Which lines belong in your copy? Those from the start of the data through the line with "Rule 34 | 1girl, 25-ji", exactly as written, without any pictures.

───── Exercise data ─────

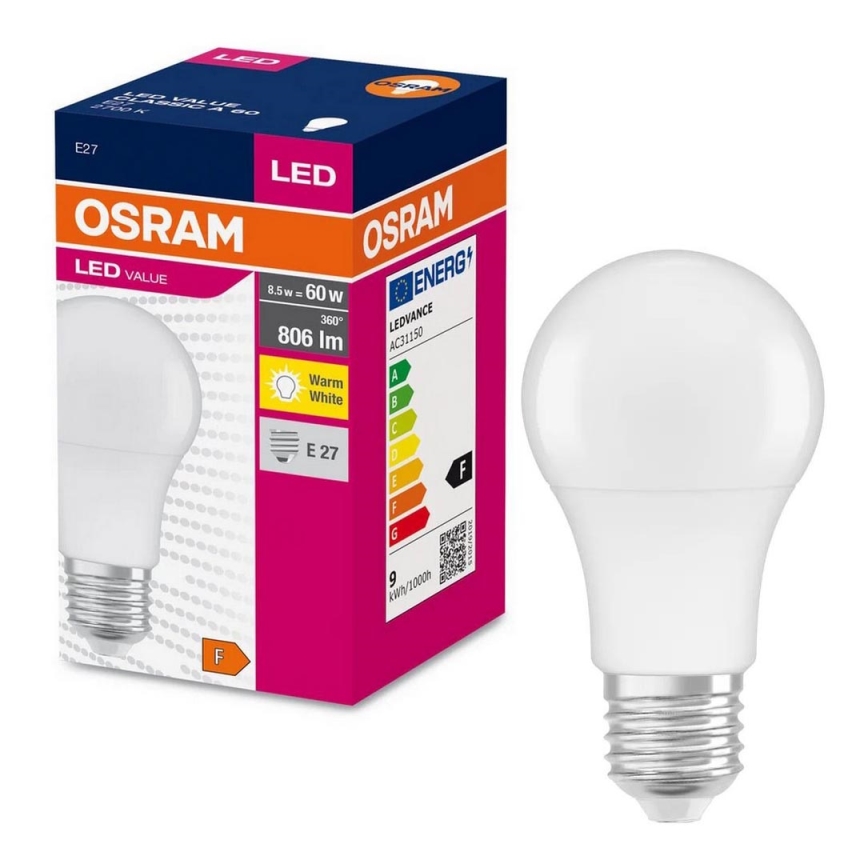 Светодиодная лампочка A60 E27/8,5W/230V 2700K - Osram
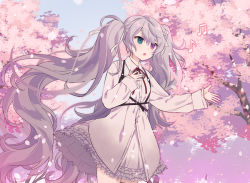 Rule 34 | 1girl, 25-ji miku, beamed eighth notes, blue eyes, cherry blossoms, collared dress, commentary, cowboy shot, dress, eighth note, empty eyes, frilled dress, frilled sleeves, frills, hair ribbon, hand on own chest, hatsune miku, heterochromia, long hair, long sleeves, looking to the side, music, musical note, neck ribbon, open mouth, pink eyes, pink theme, project sekai, red ribbon, ribbon, shachi (kaisendon), singing, solo, tree, twintails, very long hair, vocaloid, white dress, white hair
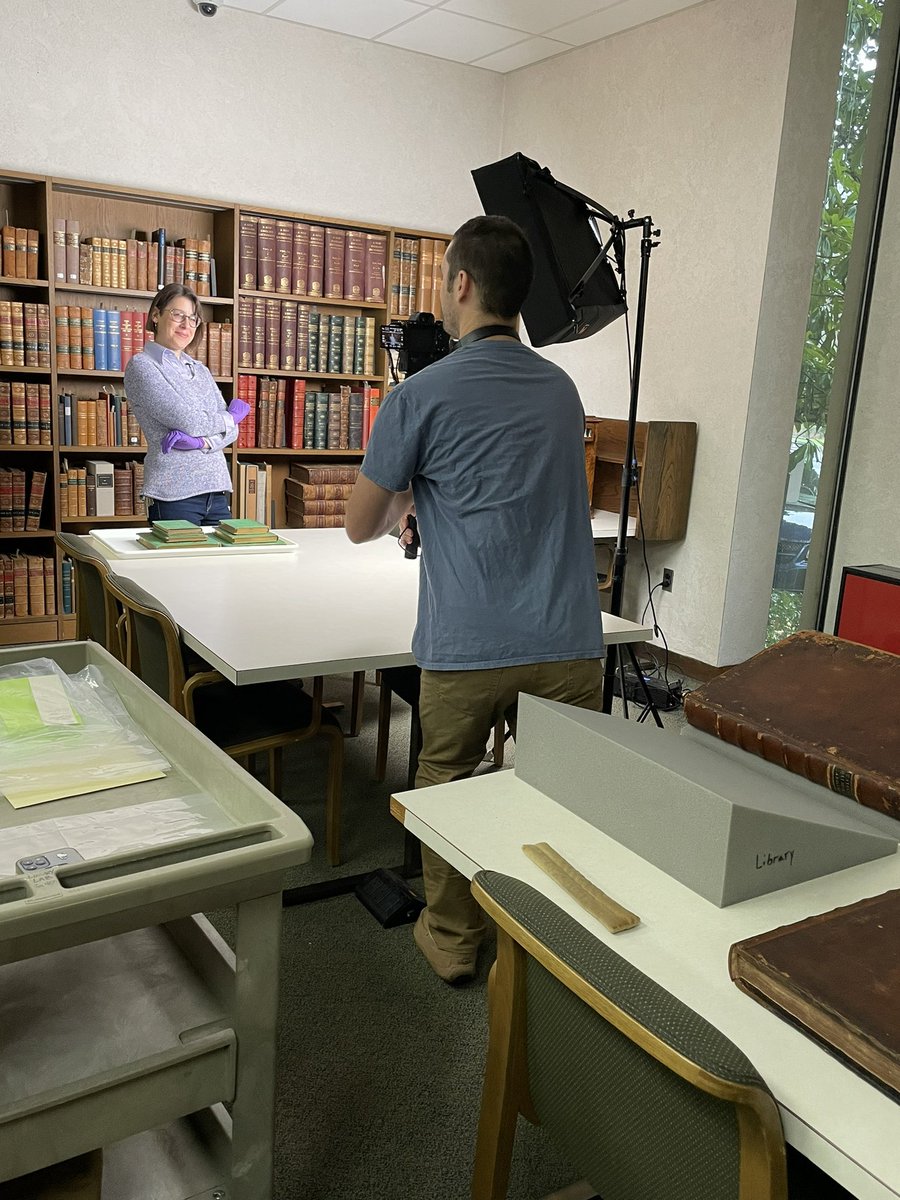 Jason_Brudereck's tweet photo. We’re shootings video today of Dr. Melissa Tedone and The Poison Book Project, which has found arsenic in the bindings of 19th century books in the library here at @WinterthurMuse: https://t.co/xo5IaMW5Jz #poisonbookproject #bibliotoxicology https://t.co/oT5HCmZVvk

─────

• _Result of this exercise_
 Светодиодная лампочка A60 E27/8,5W/230V 2700K - Osram
 Rule 34 | 1girl, 25-ji miku, beamed eighth notes, blue eyes, cherry blossoms, collared dress, commentary, cowboy shot, dress, eighth note, empty eyes, frilled dress, frilled sleeves, frills, hair ribbon, hand on own chest, hatsune miku, heterochromia, long hair, long sleeves, looking to the side, music, musical note, neck ribbon, open mouth, pink eyes, pink theme, project sekai, red ribbon, ribbon, shachi (kaisendon), singing, solo, tree, twintails, very long hair, vocaloid, white dress, white hair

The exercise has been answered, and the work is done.